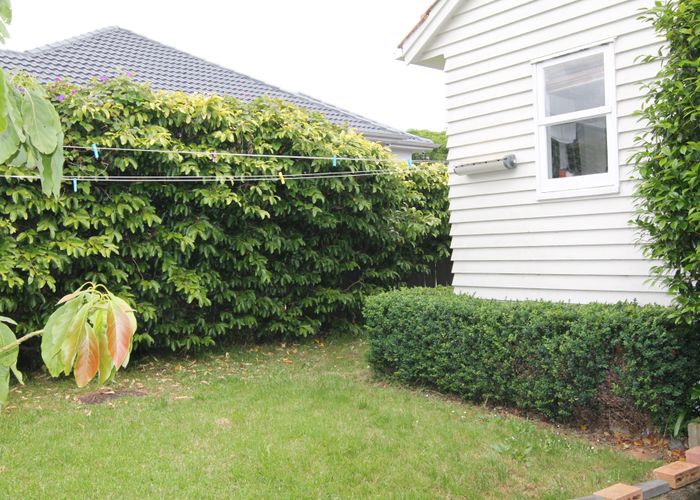  at 38 Waiohua Rd, Greenlane, Auckland City, Auckland
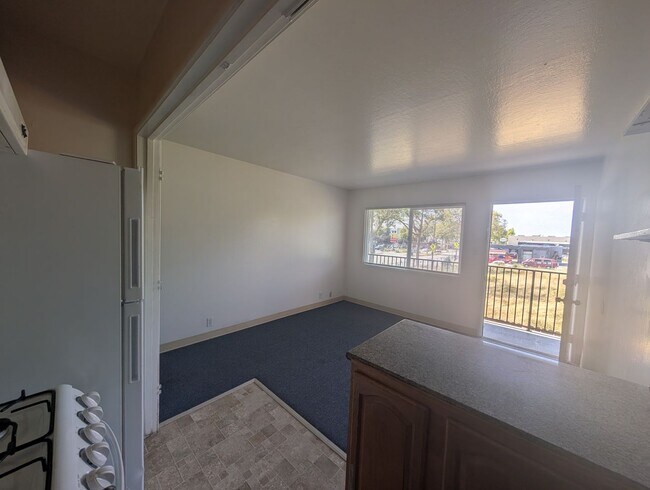 1213 San Pablo Ave Berkeley, CA 94706 photo 2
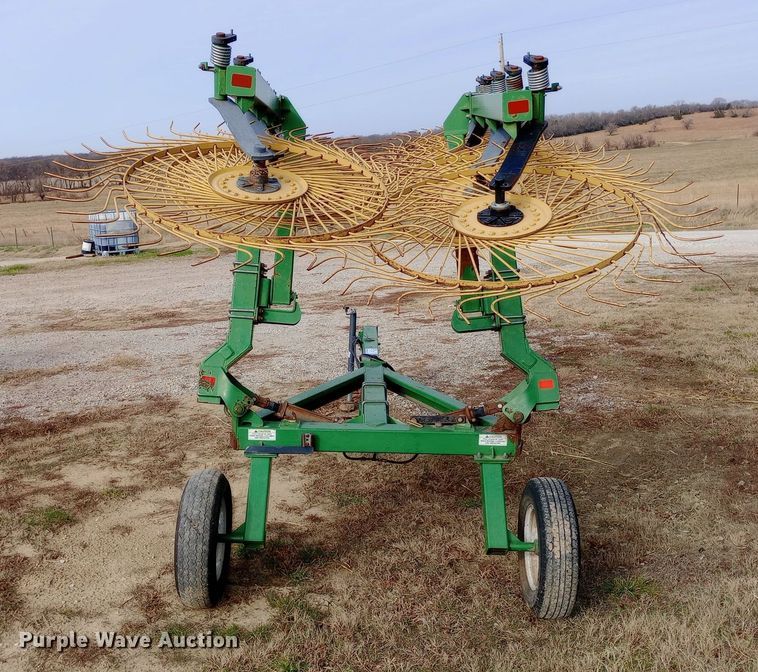 image for item DW0968 Ogden Hybrid Hay Runner hay rake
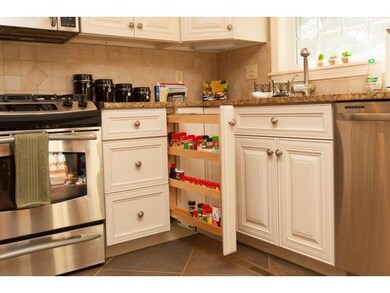 Eat in Area of Kitchen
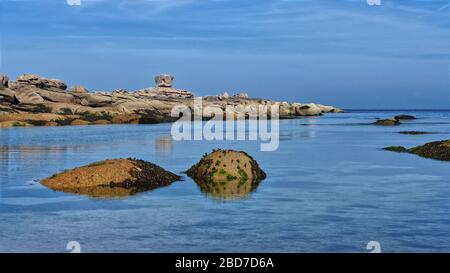 Panoramablick auf die berühmte Küste aus rosarotem Granit (côte de Granite Rose auf französisch) der Halbinsel Renote in Trégastel, Frankreich Stockfoto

## Task to carry out:
The task calls for every line of the data to be returned exactly, without pictures.

## Output of the task:
  at 38 Waiohua Rd, Greenlane, Auckland City, Auckland
 1213 San Pablo Ave Berkeley, CA 94706 photo 2
 image for item DW0968 Ogden Hybrid Hay Runner hay rake
 Eat in Area of Kitchen
 Panoramablick auf die berühmte Küste aus rosarotem Granit (côte de Granite Rose auf französisch) der Halbinsel Renote in Trégastel, Frankreich Stockfoto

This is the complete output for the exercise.